Its core argument is that Sony’s plan turns purchases into revocable access rather than true ownership. “A disc is a real game you own,” wrote PNP Games CEO Jade Pearce. “You can lend it, trade it, resell it, gift it, collect it, or pass it down to your kids. A box with only a download code is not the same thing. It is a digital license in plastic packaging. You do not own it. You are renting access that can be revoked.” The petition had 12,838 verified signatures a day earlier, on July 2, before its jump past 44,000, and a second petition on the same issue has gathered close to 3,000.

The Backlash Breaks Containment

Sony’s original post on X announcing the plan has now been viewed more than 100 million times and carries a community note pointing out that digital purchases do not actually confer ownership. Fans have flooded the company’s accounts, including those for unrelated movie and streaming news, while Sony has stayed quiet across every channel since the reveal.

Comedian and former Daily Show host Trevor Noah weighed in, arguing physical discs are how many players can afford games secondhand or share them with younger siblings. “If the media we buy is only digital, it can be taken away from us at a moment’s notice with no recourse,” he wrote. “Imagine that, one day your entire library of games could be deleted overnight because technically you don’t own it.” His next post shared Hideo Kojima’s warning that “eventually, even digital data will no longer be owned by individuals on their own initiative.”

Smaller studios pledged to keep physical media alive. “Making physical editions a reality for all our titles is now an absolute priority,” wrote Aeternum Game Studios, promising to get its games onto shelves “before that fateful early 2028 deadline.” Tesura Games said it “strongly condemns the decision to end physical media on PlayStation by 2028.” Brands outside gaming turned it into a meme: Domino’s UK joked it would “cease production of physical pizzas and shift to production of digital pizzas only” from April 2027, while chair maker Respawn offered a downloadable “catalog of premium chair codes” with “imaginary comfort, assembly not required.”
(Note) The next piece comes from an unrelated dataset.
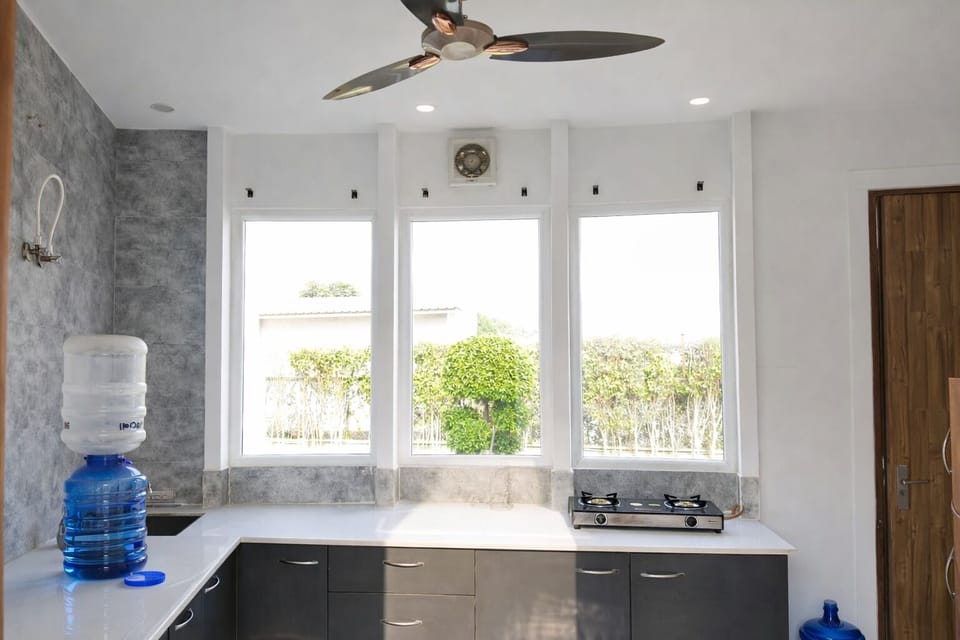 Entire Cottage | Shared kitchen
Microsoft-owned GitHub trolled its rival directly, announcing you can now request your public repo on CD-ROM: “Keep it. Lend it to friends. Pass it on to your children. Your code is physically yours, forever. Until you lose it, let’s be real.”
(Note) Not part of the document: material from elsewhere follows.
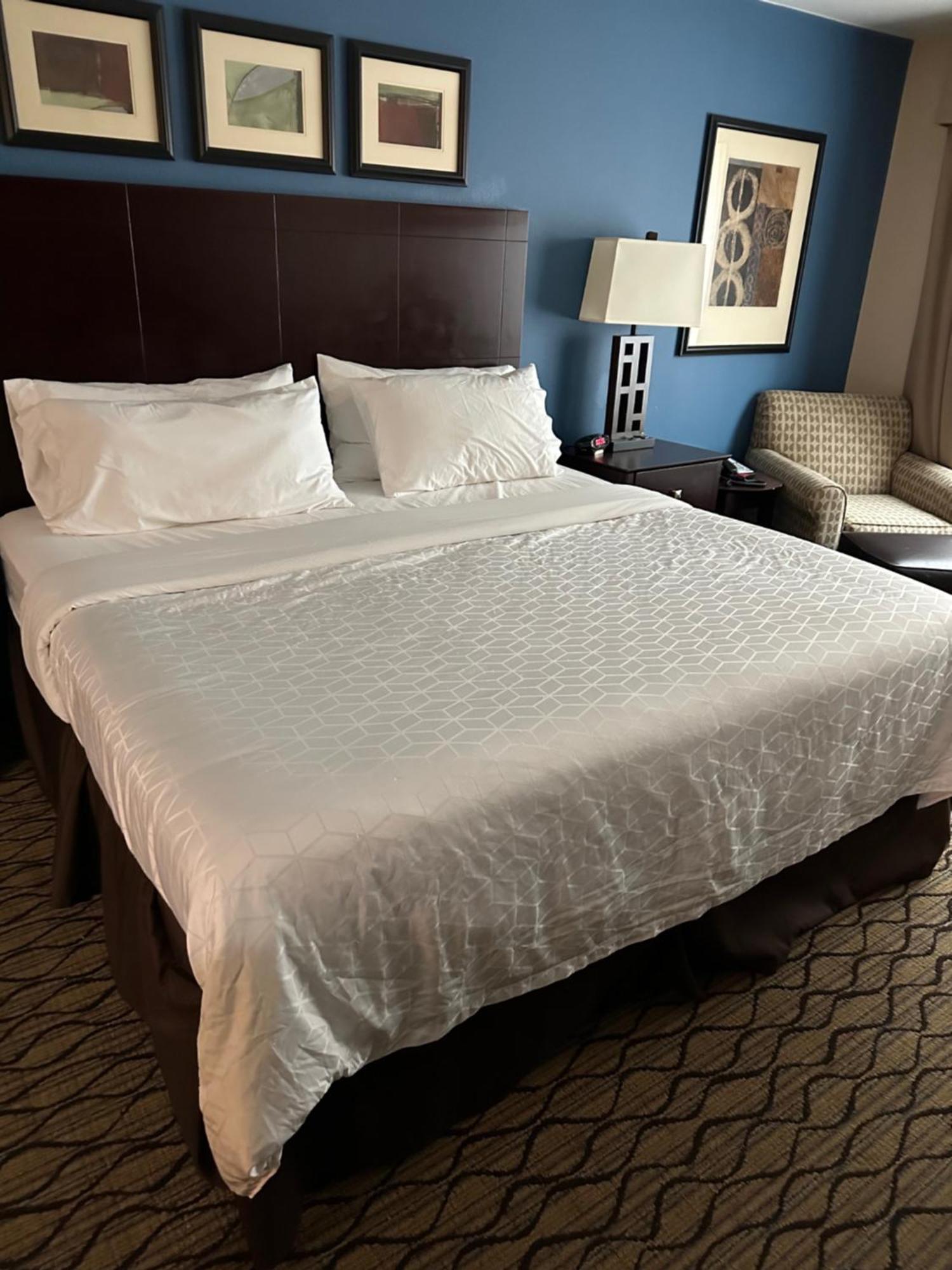 Holiday Inn Express & Suites Belle Vernon Esterno foto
Politicians and the Bigger Picture

The fight has even reached electoral politics. France’s left-wing presidential candidate Jean-Luc Melenchon called for a legislative review, writing that “tomorrow, you will pay without ever owning anything” and that “video games are not mere merchandise; they are cultural assets, and the law in force must apply to them.” Even CNN covered the outrage, bringing on the Washington Post’s Gene Park to explain it.

Beneath the memes sits a real debate over whether an all-digital future is inevitable or premature. Defenders of Sony’s move note that the overwhelming majority of games are already bought digitally. Critics counter that physical sales, while a small share of revenue, still amount to tens of millions of discs each year, around 70 million globally in 2025. As YouTuber and former Nintendo marketer Kit Ellis put it, physical games sit “at the heart of a lot of the magic moments we’ve had as video game fans,” from midnight launches to bringing a disc to a friend’s house.

History gives fans a sliver of hope. The petition points back to PlayStation’s famous E3 2013 dunk on Xbox, when Sony championed the ability to share physical PS4 games, and the company has reversed course before, delaying its planned shutdown of the PS3 PlayStation Store after an earlier uproar. Even so, the odds look long. The PS6 is thought to be well into development with no physical media planned, Grand Theft Auto 6 will already ship as a code in a box with no disc version despite disc production continuing for another two years, and analysts expect the next PlayStation to be extremely expensive because of component costs.